And then? can you talk more? how does it explain why growing the range of the numbering for the priority order is a Fedora matter?

You understand Fedora's priority thing is based on that right?
Comment 107 Qianqian Fang 2010-02-02 22:17:56 UTC
bugzilla-daemon@freedesktop.org wrote:
>> then I guess you want to look at this
>> http://cgit.freedesktop.org/fontconfig/tree/conf.d/README
>>     
>
> And then? can you talk more? how does it explain why growing the range of the
> numbering for the priority order is a Fedora matter?
>
> You understand Fedora's priority thing is based on that right?
>   

I should have completed my sentence.
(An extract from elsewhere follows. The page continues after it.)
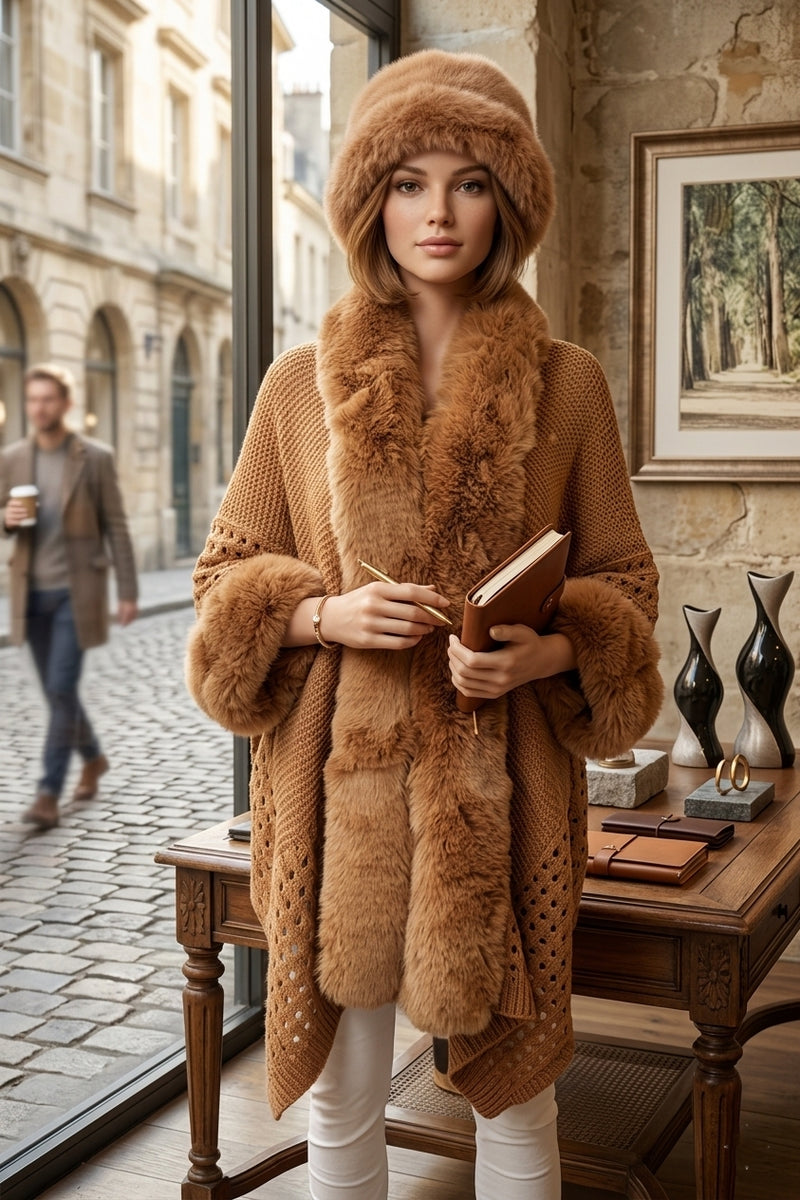 Knit Cape with Faux Fur-SHW2424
What I wanted you to do
is to compare
http://cgit.freedesktop.org/fontconfig/tree/conf.d/README
 with
http://git.fedorahosted.org/git/fontpackages.git?p=fontpackages.git;a=blob;f=fontconfig-templates/fontconfig-priorities.txt

the first one is what suggested in fontconfig, and the second
one is what suggested in Fedora. see the difference?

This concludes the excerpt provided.